Building upon the expand()/collapse() methods for panels, sections, and controls, these models also support a focus() method which not only expands all of the necessary element, but also scrolls the target container into view and puts the browser focus on the first focusable element in the container. For instance, to expand the “Static Front Page” section and focus on select dropdown for the “Front page”:

wp.customize.control( 'page_on_front' ).focus()

This naturally fixes the #29529, mentioned above.

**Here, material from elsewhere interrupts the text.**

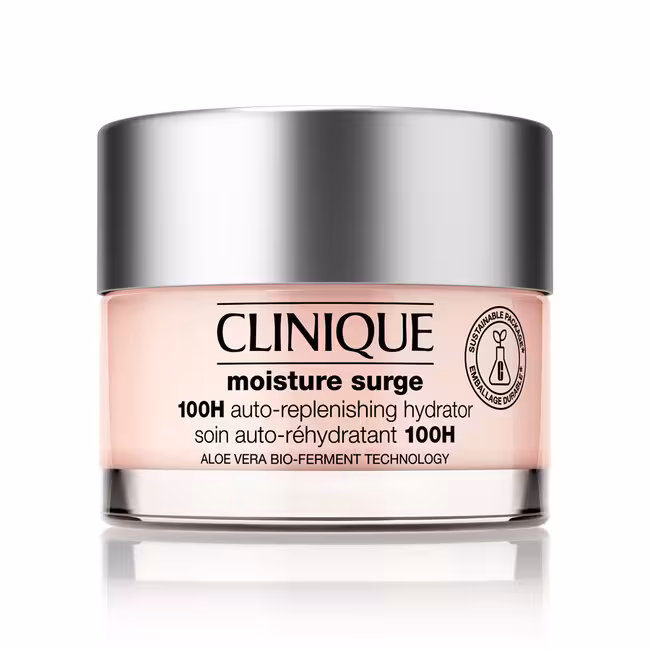 Clinique Moisture Surge hydratačný krém 50 ml, 100H Auto Replenishing Hydrator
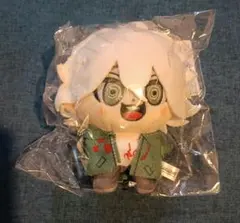 ダンガンロンパ ぶくぶ ソフビフィギュア 狛枝凪斗 bkuvi ぶくビ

The focus functionality is used to implement autofocus: deep-linking to panels, sections, and controls inside of the customizer. Consider these URLs:

  • …/wp-admin/customize.php?autofocus[panel]=widgets
  • …/wp-admin/customize.php?autofocus[section]=colors
  • …/wp-admin/customize.php?autofocus[control]=blogname

This can be used to add a link on the widgets admin page to link directly to the widgets panel within the Customizer.

Priorities

When registering a panel, section, or control in PHP, you can supply a priority parameter. This value is now stored in a wp.customize.Value instance for each respective Panel, Section, and Control instance. For example, you can obtain the priority for the widgets panel via:

priority = wp.customize.panel( 'widgets' ).priority(); // => 110

You can then dynamically change the priority and the Customizer panel will automatically re-arrange to reflect the new priorities:

wp.customize.panel( 'widgets' ).priority( 1 ); // move Widgets to the top

Custom types for Panels and Sections

Just as Customizer controls can have custom types (ColorControlImageControlHeaderControl…) which have custom behaviors in JS:

wp.customize.controlConstructor.FooControl = wp.customize.Control.extend({ /*...*/ });

So too can Panels and Sections have custom behaviors in the proposed changes. A type parameter can be passed when creating a Panel or Section, and then in JavaScript a constructor corresponding to that type can be registered. For instance:

PHP:

add_action( 'customize_register', function ( $wp_customize ) {
	class WP_Customize_Harlem_Shake_Section extends WP_Customize_Section {
		public $type = 'HarlemShake';
	}
	$section = new WP_Customize_Harlem_Shake_Section(
		$wp_customize,
		'harlem_shake',
		array( 'title' => __( 'Harlem Shake' ) )
	);
	$wp_customize->add_section( $section );
	$wp_customize->add_setting( 'harlem_shake_countdown', array(
		'default' => 15,
	));
	$wp_customize->add_control( 'harlem_shake_countdown', array(
		'label' => __( 'Countdown' ),
		'section' => 'harlem_shake',
		'setting' => 'harlem_shake_countdown',
		'type' => 'number',
	));
});

JS:

wp.customize.sectionConstructor.HarlemShake = wp.customize.Section.extend({
	shake: function () {
		// This can be invoked via wp.customize.section( 'harlem_shake' ).shake();
		console.info( 'SHAKE!!' );
	}
});

Next Steps

  • Continue discussion on parent ticket #28709: Improve/introduce Customizer JS models for Controls, Sections, and Panels.
  • Review JavaScript changes in pull request. Anyone is free to open a PR to onto the existing branch on GitHub to make changes. Props to Ryan Kienstra (@ryankienstra) and Nick Halsey (@celloexpressions) for their contributions.
  • Update logic for adding widget controls to use new API (adding widgets is using the old pseudo-API and it is currently broken); allow controls to be added manually.
  • Work with Nick Halsey to make sure that dynamically-created sections and controls suit the needs of Menu Customizer, and make sure that it works for other plugins like Customize Posts.
  • Build upon the initial QUnit tests to add coverage for existing JS API and newly added API (#28579).
  • Harden the logic for animating the Customizer panel into view.
  • Get feedback from other Core devs and get initial patch committed.